According to new research, while many men once spent November cultivating a cracking moustache, more are now opting to use this chilly month to banish their man-boobs instead.
The new trend, dubbed 'Moobember' has taken the UK by storm in recent years, with men of all ages seeking cosmetic treatment to rid themselves of their 'moobs or 'moobies'' in time for the Christmas.
As the festive season approaches, a consultant plastic surgeon has revealed in the news he sees an annual rise in the amount of men having cosmetic procedures which make them appear in better shape before the onslaught of socialising, late nights and parties begins.
It's true that November is actually the key month for men with male breasts because it's too late to get toned in the gym. Now the festive season starts in early December, many male patients realise they need a quicker-fix in the run-up to Christmas and New Year. They want to look their best, so the less invasive the procedure, the quicker the recovery.
With plenty of non-surgical treatments available, treating men with 'moobs' can be simple and pain-free- and I'd imagine much quicker than growing a moustache. (I know this because my other half struggles to grow facial hair to begin with.. but anyway..)

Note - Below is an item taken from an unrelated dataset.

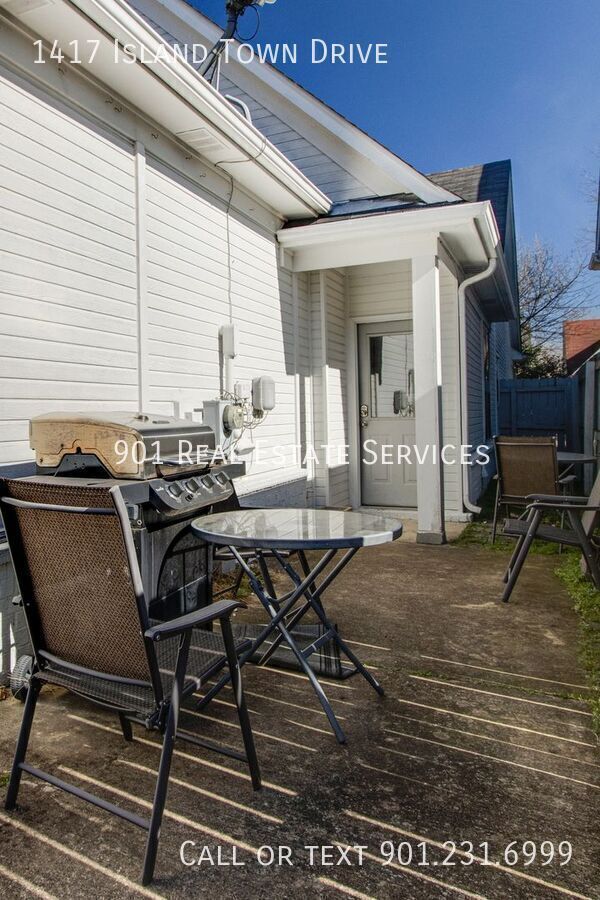 Building Photo - 1417 Island Town Dr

The issue of man boobs, properly known as gynaecomastia, can be divided into two basic types - 'true gynaecomastia', where the breast like appearance is caused by an excess of glandular tissue, often caused by over-exposure to certain hormones, and 'pseudogynaecomastia', which is due to fatty tissue. If the problem is 'pseudogynaecomastia' it can be treated using combined radiofrequency and ultrasound technology, which non-surgically removes fat and tightens the skin. No downtime and no scars- in fact treatments like this can take just 4 hours over 4 weeks.
These findings support the 2013 figures from BAAPS which reported male breast reduction surgery had dropped by 18% in the UK- likely due to men seeking non-surgical alternatives. Man boobs don't bother everyone, and in most cases are harmless. You should speak to your GP if you're concerned about the size or tenderness of the breasts.